We have seen government bodies verbally saying that these practices were illegal but then being unable to send us a written statement confirming their words. Moreover, we have seen surrealistic courts of one of the richest countries within the EU ruling that doctors of another EU country are allowed to perform these practices (without advertising them) but not the national doctors that shall be bound to a national law that establishes a compulsory physical exploration before the preparation of these medical reports. The judges justified their decision with EU law. According to EU law a crossborder medical act is deemed to be performed at the place where the doctor has his practice. As a result, a crossborder medical act only underlies the laws of the country where the doctor performs his medical services. In our opinion this approach is right. Nevertheless, there is an urgent need for common rules in the EU regarding cross-border treatments.

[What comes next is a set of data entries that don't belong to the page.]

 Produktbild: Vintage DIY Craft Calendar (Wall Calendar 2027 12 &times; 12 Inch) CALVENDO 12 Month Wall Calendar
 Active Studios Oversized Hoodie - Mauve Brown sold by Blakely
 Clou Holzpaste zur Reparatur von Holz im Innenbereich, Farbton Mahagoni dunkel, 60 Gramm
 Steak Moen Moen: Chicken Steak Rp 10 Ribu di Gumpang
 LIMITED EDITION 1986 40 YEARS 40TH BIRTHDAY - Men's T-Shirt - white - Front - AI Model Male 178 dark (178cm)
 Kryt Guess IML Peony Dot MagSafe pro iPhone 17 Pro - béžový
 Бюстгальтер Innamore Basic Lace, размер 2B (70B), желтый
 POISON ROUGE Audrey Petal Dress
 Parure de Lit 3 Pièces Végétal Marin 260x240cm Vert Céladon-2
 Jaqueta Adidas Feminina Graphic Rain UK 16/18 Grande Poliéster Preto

It is unacceptable that in one single country the same treatment of a patient can be legal or illegal just depending on the laws of the country where the remotely practicing doctor has his practice.

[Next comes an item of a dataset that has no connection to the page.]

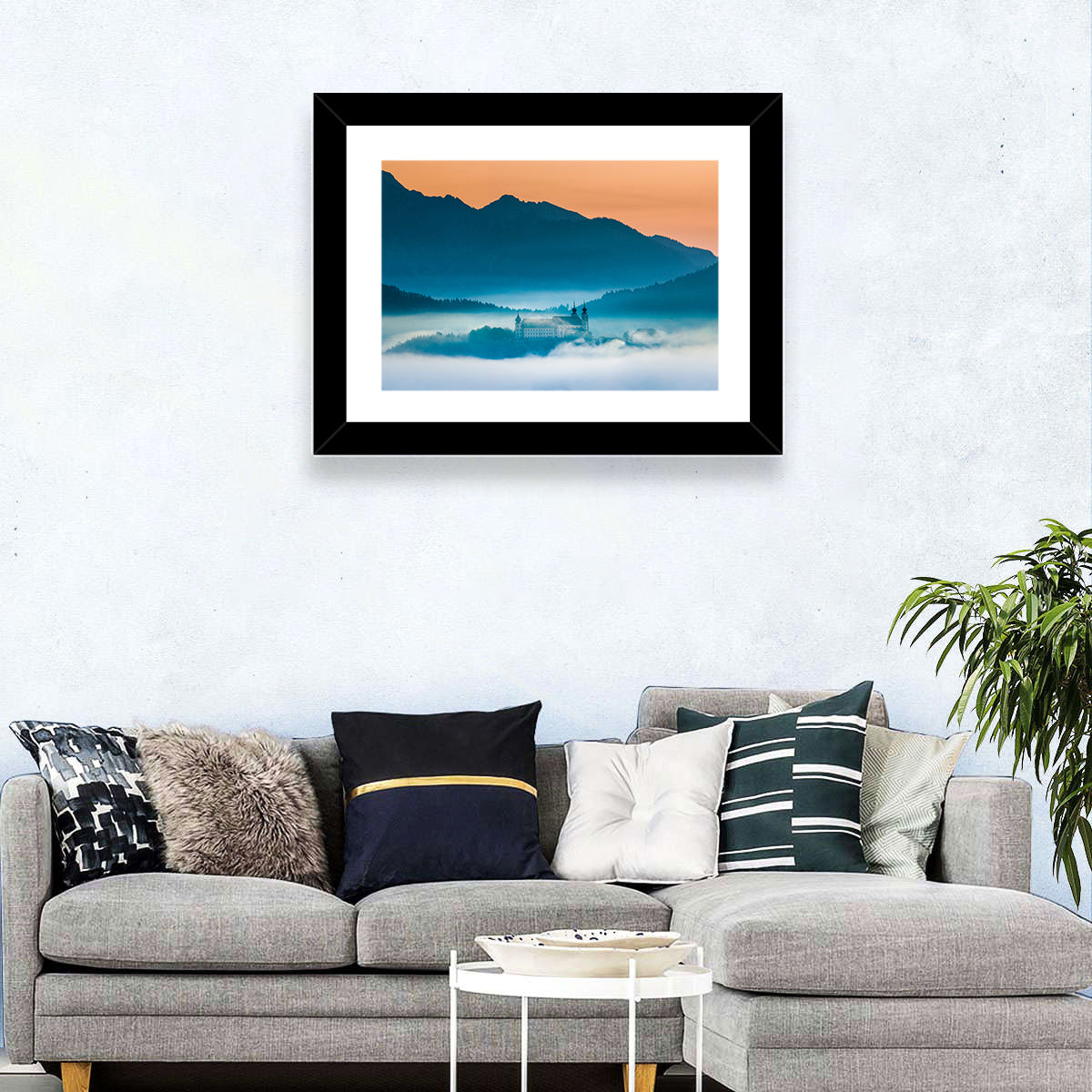 Foggy Mountain Church Wall Art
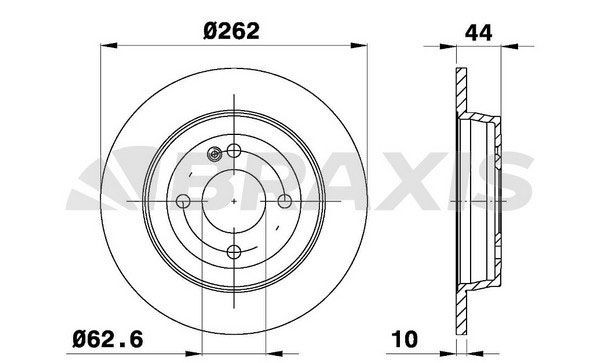BRAXIS Δισκόπλακα AE0550 BRAXIS Αγωνιστικές δισκόπλακες HYUNDAI AE0550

The described arena with the current and fated challenges of A.I. and the blockchain are an evidence of the urgent necessity to increase an ongoing dialogue between EU administrations and e-health companies at all levels in order to enhance the development both of laws as well as of technologies born in a politically sustainable context of shared values and agreed responsibilities.

It clearly brings out an atmosphere of restriction on cross-border access of medical data which unnecessarily prevents patient movement across the EU territory and consequently decreases access to healthcare and lowering its quality performance.

Far beyond the European Union founding mantra that free movement of goods, services, capital and persons shall always be assured it is more than obvious that economic protectionism, regulatory divergence, and sometimes, let´s admit it, censorship and repression, are a clear hurdle for e-heath companies. In such a sense, the words of the EU Commission VP, Andrus Ansip, should be a lucid reminder for all EU members legislators:

All Europeans should remain owners of their data and be able to share it securely with authorised parties – for medical treatment, preventive services, clinical research.

If we want reliable and affordable healthcare that is also sustainable and universally accessible, it is clear that we must embrace digital technology – as our thinking shifts away from treatment and towards prevention; from a ‘disease focus’ to a ‘people focus”.